**** Dataset content

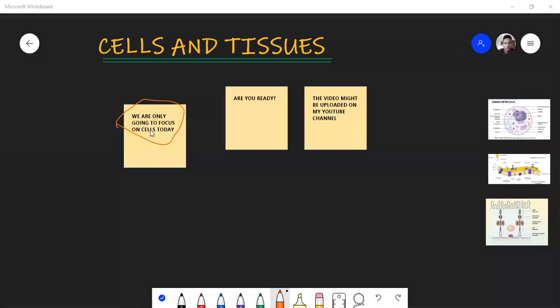This session is going to cover cells and tissues, but today we are only going to focus on cells. We will do tissues either tomorrow or later, but I think tomorrow works better. I don't want this session to be too long because you also have to attend biology, so I'll try to keep your brain fresh.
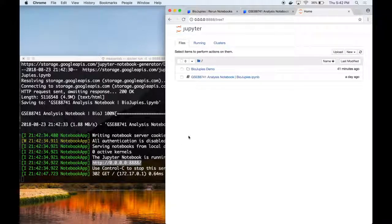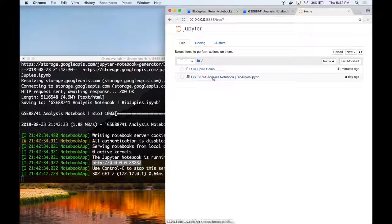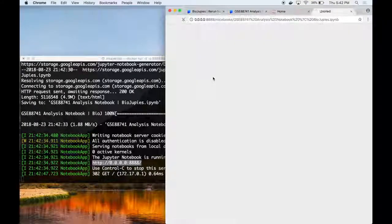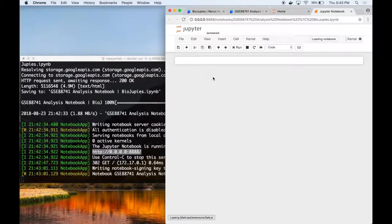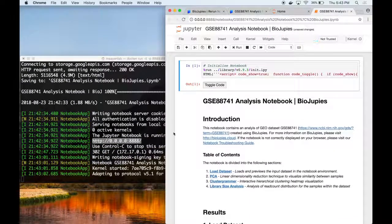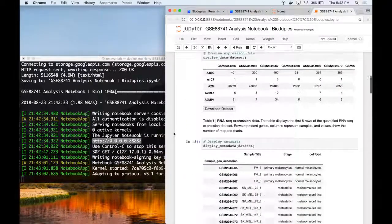The browser now gives us access to our running Jupyter server containing the notebook we wish to analyze. By clicking on the notebook's name, we can access the notebook itself and run all the code cells contained within the notebook.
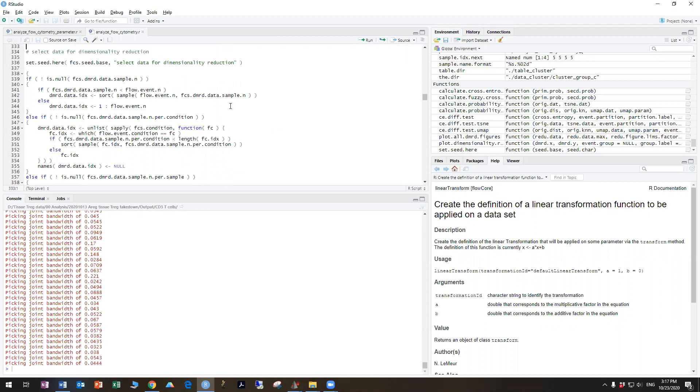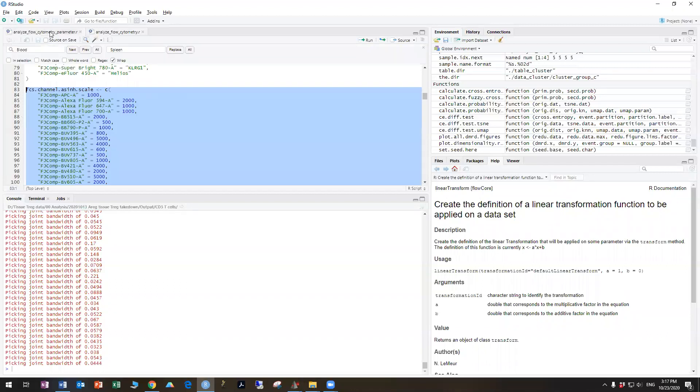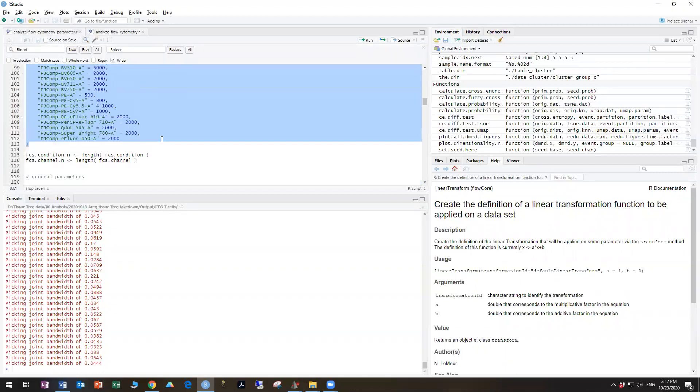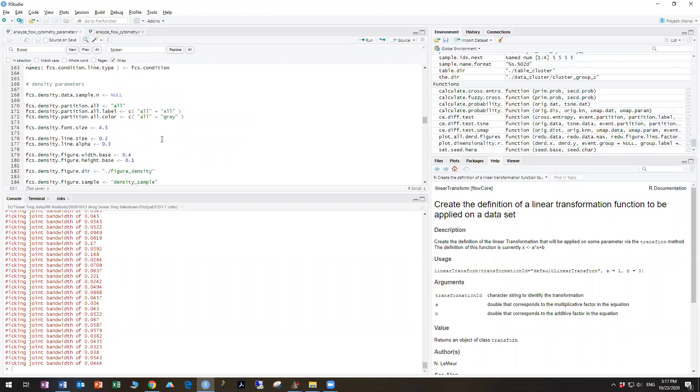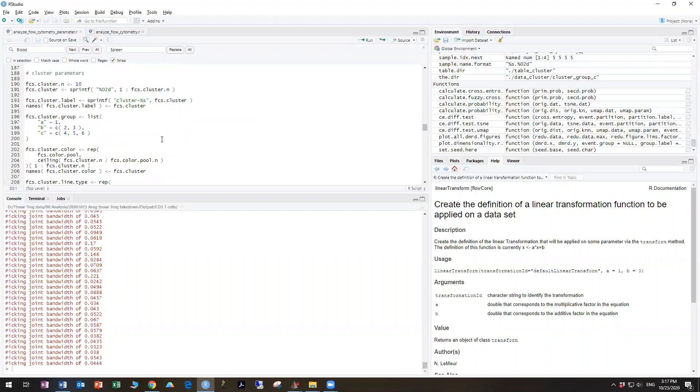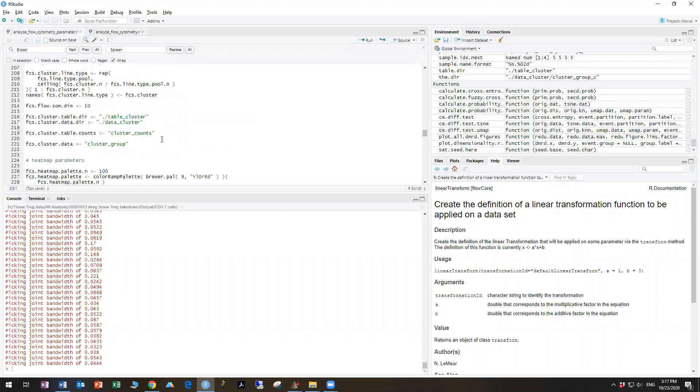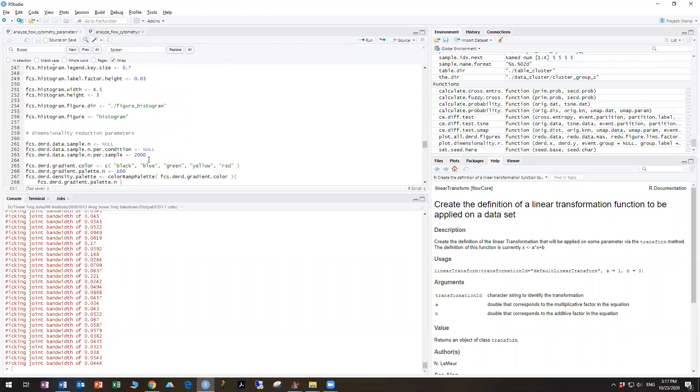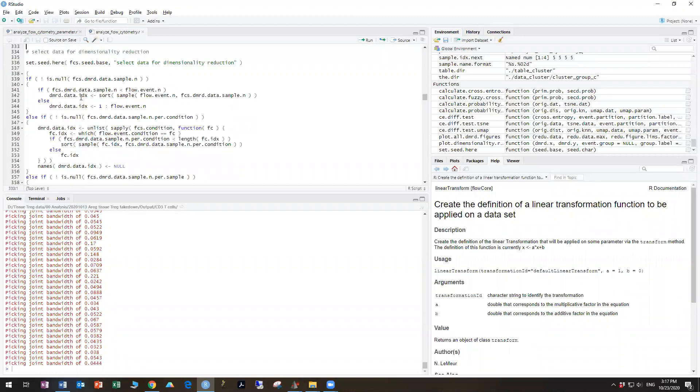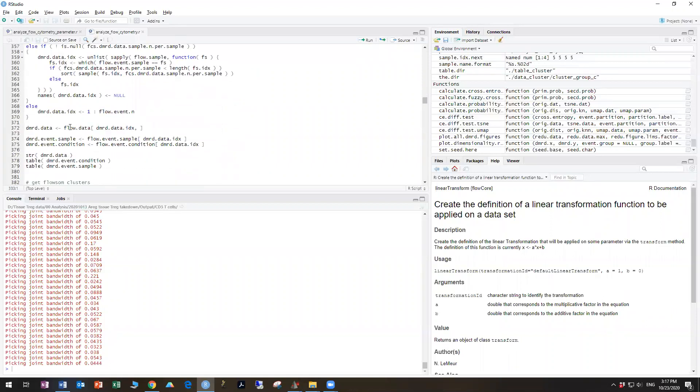which is to start the data into the actual high parameter analysis that we're interested in. So the first step is to select the data for dimensionality reduction. If previously in your parameter file you have set that only certain numbers of cells are going to proceed forward via the downsampling, as here I've set 2000 events per flow file, it's going to select that now in this next command.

********

# The problem:
The data above should be returned in full, exactly as written, apart from its images.

# Solution for this problem:
This session is going to cover cells and tissues, but today we are only going to focus on cells. We will do tissues either tomorrow or later, but I think tomorrow works better. I don't want this session to be too long because you also have to attend biology, so I'll try to keep your brain fresh.
The browser now gives us access to our running Jupyter server containing the notebook we wish to analyze. By clicking on the notebook's name, we can access the notebook itself and run all the code cells contained within the notebook.
which is to start the data into the actual high parameter analysis that we're interested in. So the first step is to select the data for dimensionality reduction. If previously in your parameter file you have set that only certain numbers of cells are going to proceed forward via the downsampling, as here I've set 2000 events per flow file, it's going to select that now in this next command.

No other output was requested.